In a letter sent Tuesday to Bremerton School District Superintendent Aaron Leavell that was headed by the co-chairs of the Congressional Prayer Caucus, Rep. Randy Forbes, R-Va., and Sen. James Lankford, R-Okla., Congress members explained that the school district's position that the coach's prayer violates the Establishment Clause is completely wrong.

"The Establishment Clause exists to ensure that the government cannot affirmatively impose or elevate one religion over another. However, it does not prohibit the government from referencing religion altogether, nor does it require that government officials proactively scrub all references of religion from the public square," the letter asserts. "Rather, the Establishment Clause ensures both that the government does not show preference to a certain religion, and that government does not take away an individual's ability to exercise religion."

The letter cites the recent Supreme Court case Town of Greece v. Galloway, where the court ruled that the town did not violate the the Establishment Clause by opening its town meetings with a prayer offered by clergy members because it does not coerce participation by non adherents.
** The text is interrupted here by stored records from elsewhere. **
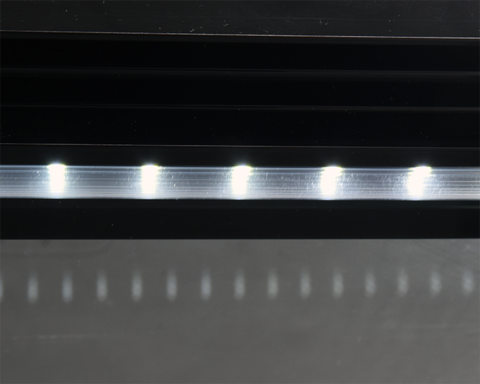 Vitrina frigorifica sushi Yato YG-05007 5x1/2 GN - imagine produs 11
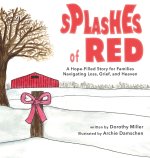 Splashes of Red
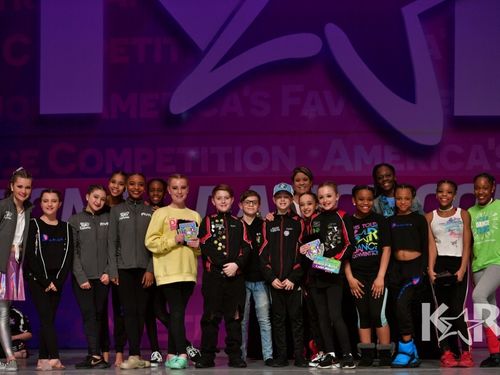 Durham/Henderson, NC - 3/15/2019 - Awards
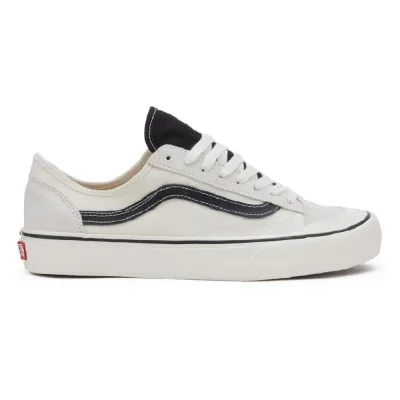 VANS OLD SKOOL STYLE 136 DECON VR3 SF MARSHMALLOW/BLACK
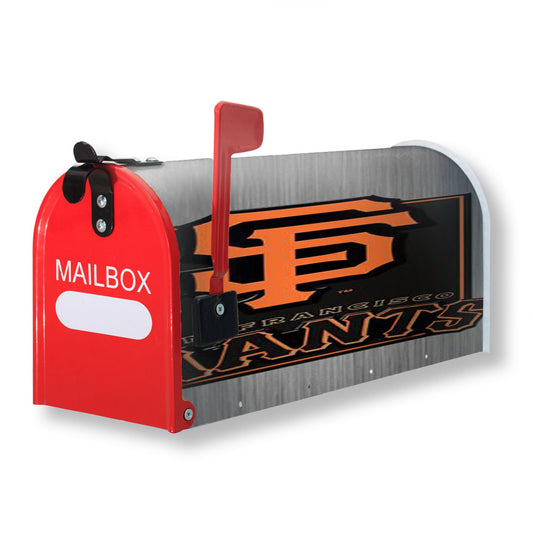 Giant San Francisco Magnetic Mailbox Cover 18" x 21" Outdoor Decor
"The court rejected the feeble argument that a reasonable observer would believe that the government was favoring Christianity over other religions. The content of what was volunteered was irrelevant, so long as all were welcome," the letter explains. "The crucial principles are no less applicable here."

"The mere act of a single individual kneeling alone after the conclusion of a game to quietly pray coerces no one, even when that individual is a school employee," the letter continues. "That others may choose to join him of their own free will is irrelevant, and an exercise of their own constitutional freedoms."

According to an announcement by the Christian law firm the Liberty Institute on Monday, Kennedy plans to file a lawsuit against the school district because the district has not provided a religious accommodation and continues to threaten to fire Kennedy if he continues with his post-game prayers.

Kennedy, who is a Desert Storm and Desert Shield combat veteran, is now being denied the freedom that he fought so hard to protect, Family Research Council president Tony Perkins argued.

"The Bremerton football coach didn't spend 20 years defending freedom only to have his stolen, but that's exactly what the school district is threatening," Perkins wrote in his Tuesday Washington Update.

Perkins also stated that the school district's actions violate the Constitution and the previous Supreme Court precedents.

"Stop praying or start walking. That's the message from the 'tolerant' Left," Perkins argued. "There's just one problem: the school's decision isn't rooted in the law. Teachers, coaches, administrators — or public employees of any kind — don't lose their religious freedom when they step on school property. Insisting otherwise is a violation of their civil rights."

"In the meantime, Joe may lose his job but not his faith," Perkins added. "No one knows better than this combat veteran: the battles — on the field and off — belong to the Lord."